[Start of Attachment]

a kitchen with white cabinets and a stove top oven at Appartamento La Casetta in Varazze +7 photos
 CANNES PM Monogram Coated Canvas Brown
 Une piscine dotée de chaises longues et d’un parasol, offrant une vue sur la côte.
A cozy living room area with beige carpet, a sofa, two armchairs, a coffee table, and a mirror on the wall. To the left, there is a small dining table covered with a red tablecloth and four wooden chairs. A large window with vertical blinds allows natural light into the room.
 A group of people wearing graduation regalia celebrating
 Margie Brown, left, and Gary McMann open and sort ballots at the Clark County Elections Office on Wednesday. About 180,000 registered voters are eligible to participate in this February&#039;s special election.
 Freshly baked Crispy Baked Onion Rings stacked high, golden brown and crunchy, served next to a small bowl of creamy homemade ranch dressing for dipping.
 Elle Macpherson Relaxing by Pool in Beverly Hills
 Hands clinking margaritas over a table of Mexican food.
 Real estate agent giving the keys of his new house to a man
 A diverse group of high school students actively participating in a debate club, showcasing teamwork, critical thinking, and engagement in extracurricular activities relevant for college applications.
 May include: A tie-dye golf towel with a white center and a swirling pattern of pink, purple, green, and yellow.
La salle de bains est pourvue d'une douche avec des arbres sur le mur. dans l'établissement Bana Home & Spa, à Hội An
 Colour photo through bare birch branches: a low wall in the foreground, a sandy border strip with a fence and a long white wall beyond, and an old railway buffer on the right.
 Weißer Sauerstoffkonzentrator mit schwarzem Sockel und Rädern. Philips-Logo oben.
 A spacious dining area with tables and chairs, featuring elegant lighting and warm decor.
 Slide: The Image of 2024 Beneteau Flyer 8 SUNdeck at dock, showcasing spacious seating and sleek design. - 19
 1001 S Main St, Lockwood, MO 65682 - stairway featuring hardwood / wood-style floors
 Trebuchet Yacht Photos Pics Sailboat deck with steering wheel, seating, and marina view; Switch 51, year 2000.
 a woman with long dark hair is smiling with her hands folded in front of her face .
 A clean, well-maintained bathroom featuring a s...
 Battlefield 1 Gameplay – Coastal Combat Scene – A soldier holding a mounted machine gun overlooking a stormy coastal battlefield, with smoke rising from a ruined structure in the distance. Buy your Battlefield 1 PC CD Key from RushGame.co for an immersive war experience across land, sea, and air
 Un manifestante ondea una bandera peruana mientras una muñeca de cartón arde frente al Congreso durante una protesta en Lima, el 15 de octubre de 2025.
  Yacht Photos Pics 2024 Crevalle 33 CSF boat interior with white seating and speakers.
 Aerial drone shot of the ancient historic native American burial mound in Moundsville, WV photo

[End of Attachment]

> DESCRIPTION OF THE TASK: Take the lines from the start of the records through the line holding "May include: A", both included, and please print them exactly, with nothing else.

> ANSWER SPACE:
a kitchen with white cabinets and a stove top oven at Appartamento La Casetta in Varazze +7 photos
 CANNES PM Monogram Coated Canvas Brown
 Une piscine dotée de chaises longues et d’un parasol, offrant une vue sur la côte.
A cozy living room area with beige carpet, a sofa, two armchairs, a coffee table, and a mirror on the wall. To the left, there is a small dining table covered with a red tablecloth and four wooden chairs. A large window with vertical blinds allows natural light into the room.
 A group of people wearing graduation regalia celebrating
 Margie Brown, left, and Gary McMann open and sort ballots at the Clark County Elections Office on Wednesday. About 180,000 registered voters are eligible to participate in this February&#039;s special election.
 Freshly baked Crispy Baked Onion Rings stacked high, golden brown and crunchy, served next to a small bowl of creamy homemade ranch dressing for dipping.
 Elle Macpherson Relaxing by Pool in Beverly Hills
 Hands clinking margaritas over a table of Mexican food.
 Real estate agent giving the keys of his new house to a man
 A diverse group of high school students actively participating in a debate club, showcasing teamwork, critical thinking, and engagement in extracurricular activities relevant for college applications.
 May include: A tie-dye golf towel with a white center and a swirling pattern of pink, purple, green, and yellow.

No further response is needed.